Teachers and other school staff would be required to complete a 'School Sentinel Program,' which would include firearms training by law enforcement officers. As well, those who choose not to arm themselves would be able to do so without any prejudice.
Detractors have a different point of view, stating that many teachers are not comfortable about guns being inside the school. One who opposes the bill, Democratic Representative Troy Heinert, reasons that teachers should not be expected to add the duties of law enforcement to their responsibilities, telling reporters,
“Doesn’t this blur the line between a teacher and a law enforcement officer? Do we want to tell our children the only way to be safe is to carry a gun?”

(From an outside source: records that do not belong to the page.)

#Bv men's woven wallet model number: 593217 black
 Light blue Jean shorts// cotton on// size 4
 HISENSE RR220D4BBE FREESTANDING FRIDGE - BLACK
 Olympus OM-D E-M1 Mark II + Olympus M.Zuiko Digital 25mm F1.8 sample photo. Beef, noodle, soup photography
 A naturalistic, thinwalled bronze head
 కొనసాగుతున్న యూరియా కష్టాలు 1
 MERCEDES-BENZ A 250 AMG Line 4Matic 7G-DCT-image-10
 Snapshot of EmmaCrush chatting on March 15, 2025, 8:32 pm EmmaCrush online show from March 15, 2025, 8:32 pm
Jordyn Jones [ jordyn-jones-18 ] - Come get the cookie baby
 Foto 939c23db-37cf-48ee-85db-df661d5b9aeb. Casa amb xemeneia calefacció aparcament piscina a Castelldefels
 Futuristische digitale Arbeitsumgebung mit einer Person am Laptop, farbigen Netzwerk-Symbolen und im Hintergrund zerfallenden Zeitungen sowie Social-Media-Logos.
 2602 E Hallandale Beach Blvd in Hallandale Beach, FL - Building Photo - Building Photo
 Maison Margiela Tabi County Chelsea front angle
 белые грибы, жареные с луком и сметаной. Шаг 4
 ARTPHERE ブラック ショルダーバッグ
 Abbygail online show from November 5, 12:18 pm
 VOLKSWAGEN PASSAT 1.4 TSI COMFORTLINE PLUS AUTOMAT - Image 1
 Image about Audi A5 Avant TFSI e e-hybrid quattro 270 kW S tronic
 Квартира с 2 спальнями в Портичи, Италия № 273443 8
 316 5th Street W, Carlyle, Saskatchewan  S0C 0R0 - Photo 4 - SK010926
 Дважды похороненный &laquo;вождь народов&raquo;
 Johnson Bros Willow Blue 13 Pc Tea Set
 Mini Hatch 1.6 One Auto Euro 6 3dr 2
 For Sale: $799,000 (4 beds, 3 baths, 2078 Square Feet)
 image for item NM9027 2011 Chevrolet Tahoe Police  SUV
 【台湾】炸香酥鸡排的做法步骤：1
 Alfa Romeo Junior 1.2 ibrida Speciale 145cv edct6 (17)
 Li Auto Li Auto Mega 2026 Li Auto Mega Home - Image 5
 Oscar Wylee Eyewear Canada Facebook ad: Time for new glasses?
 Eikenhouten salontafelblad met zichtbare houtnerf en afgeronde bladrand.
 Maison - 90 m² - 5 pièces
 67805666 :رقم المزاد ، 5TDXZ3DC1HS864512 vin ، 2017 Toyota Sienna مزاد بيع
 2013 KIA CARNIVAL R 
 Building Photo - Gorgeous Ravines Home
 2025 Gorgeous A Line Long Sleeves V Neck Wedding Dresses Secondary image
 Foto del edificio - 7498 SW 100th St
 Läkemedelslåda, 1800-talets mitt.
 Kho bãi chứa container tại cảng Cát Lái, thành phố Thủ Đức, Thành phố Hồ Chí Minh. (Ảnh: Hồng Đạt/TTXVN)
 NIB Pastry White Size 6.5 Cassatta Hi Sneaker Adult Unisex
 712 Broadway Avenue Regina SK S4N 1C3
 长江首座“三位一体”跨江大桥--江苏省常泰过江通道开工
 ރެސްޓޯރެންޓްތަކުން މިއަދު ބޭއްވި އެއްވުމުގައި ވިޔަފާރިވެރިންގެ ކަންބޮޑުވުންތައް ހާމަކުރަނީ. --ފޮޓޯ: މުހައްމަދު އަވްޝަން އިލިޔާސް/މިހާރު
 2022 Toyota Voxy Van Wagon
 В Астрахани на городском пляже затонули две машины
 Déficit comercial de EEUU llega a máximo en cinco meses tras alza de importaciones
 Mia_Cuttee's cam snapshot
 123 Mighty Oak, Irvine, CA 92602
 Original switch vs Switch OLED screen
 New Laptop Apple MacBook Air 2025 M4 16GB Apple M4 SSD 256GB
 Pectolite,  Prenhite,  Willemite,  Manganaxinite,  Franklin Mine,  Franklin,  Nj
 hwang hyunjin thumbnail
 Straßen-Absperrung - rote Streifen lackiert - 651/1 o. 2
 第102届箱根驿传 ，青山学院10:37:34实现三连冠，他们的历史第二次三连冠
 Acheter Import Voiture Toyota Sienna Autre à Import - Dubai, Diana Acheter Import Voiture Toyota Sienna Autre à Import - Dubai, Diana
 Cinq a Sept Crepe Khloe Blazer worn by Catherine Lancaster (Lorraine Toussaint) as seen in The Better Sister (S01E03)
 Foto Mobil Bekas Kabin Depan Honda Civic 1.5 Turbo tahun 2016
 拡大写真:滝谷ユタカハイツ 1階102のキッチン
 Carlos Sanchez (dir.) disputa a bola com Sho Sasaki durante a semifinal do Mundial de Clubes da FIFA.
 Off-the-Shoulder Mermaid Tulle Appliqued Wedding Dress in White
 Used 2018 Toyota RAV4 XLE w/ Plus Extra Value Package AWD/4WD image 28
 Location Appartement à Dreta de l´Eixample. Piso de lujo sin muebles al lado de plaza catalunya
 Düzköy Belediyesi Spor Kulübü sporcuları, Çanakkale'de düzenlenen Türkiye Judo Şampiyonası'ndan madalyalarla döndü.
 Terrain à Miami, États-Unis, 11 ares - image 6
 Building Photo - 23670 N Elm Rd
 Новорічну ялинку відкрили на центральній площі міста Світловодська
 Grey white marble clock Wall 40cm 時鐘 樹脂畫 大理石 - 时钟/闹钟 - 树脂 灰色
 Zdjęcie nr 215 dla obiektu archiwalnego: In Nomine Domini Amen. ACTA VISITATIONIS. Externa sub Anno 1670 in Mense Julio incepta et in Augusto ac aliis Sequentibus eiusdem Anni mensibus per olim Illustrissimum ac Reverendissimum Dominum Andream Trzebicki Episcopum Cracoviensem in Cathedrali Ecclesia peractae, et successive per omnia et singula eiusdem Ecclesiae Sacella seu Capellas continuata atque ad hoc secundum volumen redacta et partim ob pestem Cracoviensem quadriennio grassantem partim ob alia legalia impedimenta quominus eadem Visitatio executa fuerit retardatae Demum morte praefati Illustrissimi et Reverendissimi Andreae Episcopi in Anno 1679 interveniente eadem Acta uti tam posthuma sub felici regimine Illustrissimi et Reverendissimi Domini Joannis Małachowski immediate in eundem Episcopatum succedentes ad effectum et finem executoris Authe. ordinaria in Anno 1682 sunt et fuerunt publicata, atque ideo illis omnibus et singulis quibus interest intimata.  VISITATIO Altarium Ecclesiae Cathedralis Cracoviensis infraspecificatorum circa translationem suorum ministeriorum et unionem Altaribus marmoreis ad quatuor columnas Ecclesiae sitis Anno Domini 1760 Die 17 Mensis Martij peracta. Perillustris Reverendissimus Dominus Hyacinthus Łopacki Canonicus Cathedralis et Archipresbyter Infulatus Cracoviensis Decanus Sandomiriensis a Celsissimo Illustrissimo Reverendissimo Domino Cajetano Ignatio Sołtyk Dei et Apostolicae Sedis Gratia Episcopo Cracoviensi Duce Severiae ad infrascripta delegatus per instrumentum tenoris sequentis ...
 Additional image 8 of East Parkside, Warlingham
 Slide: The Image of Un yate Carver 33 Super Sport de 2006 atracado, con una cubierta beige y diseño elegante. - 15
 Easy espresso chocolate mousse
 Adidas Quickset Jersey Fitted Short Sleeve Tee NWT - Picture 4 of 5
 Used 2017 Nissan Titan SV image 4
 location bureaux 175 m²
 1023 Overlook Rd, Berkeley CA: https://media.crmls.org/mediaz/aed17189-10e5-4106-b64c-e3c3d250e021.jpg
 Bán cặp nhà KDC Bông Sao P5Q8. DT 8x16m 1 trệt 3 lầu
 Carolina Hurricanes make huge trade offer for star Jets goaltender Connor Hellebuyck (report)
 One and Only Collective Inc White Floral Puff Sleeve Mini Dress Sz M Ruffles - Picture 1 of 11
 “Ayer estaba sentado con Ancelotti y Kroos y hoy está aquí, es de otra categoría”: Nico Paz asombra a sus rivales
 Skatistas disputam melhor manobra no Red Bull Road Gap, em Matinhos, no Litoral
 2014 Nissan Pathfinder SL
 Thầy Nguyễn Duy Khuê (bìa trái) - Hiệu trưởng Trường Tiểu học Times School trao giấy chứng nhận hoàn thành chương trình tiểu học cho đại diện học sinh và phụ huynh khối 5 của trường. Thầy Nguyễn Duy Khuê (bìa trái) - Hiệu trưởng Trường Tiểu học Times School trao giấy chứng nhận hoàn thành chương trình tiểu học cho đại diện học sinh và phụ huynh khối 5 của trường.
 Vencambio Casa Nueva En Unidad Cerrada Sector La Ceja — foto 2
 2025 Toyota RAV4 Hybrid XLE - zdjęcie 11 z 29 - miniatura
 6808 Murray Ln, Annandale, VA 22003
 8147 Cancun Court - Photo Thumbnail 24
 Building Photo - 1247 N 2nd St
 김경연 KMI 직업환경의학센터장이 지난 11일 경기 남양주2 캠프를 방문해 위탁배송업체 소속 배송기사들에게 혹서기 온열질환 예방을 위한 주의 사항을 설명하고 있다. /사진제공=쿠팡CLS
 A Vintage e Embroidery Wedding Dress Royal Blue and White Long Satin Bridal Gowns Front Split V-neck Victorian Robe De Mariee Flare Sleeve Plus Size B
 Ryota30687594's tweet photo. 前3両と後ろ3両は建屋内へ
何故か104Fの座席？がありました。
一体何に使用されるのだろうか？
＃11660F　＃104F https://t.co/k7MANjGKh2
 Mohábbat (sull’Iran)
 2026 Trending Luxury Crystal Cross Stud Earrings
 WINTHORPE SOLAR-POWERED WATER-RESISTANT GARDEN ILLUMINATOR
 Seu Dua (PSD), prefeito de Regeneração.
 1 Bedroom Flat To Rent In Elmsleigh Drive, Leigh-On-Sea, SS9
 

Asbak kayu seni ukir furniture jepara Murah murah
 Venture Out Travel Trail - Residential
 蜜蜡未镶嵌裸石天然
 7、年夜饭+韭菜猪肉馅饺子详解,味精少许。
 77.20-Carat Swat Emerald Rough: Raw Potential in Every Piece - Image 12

Sandra Waltman, representing the South Dakota Education Association maintains that firearms should only be in the hands of those who are trained to used them, claims that guns should only be provided to trained professionals, but does not believe any training program would be able to prepare a teacher to properly respond to an incident such as the massacre in Newtown, CT.
Waltman told reporters,
“It’s one thing to have firearms training. It’s a completely different thing to be trained on how to handle those very difficult circumstances if they should arise. We believe that students should be taught by professional teachers, and we think they should be protected by professional law enforcement.”
The vote to pass the bill comes on the heels of a recent survey that revealed over nine out of ten teachers feel safe in their schools, and almost three quarters would refuse to arm themselves should the opportunity be made available.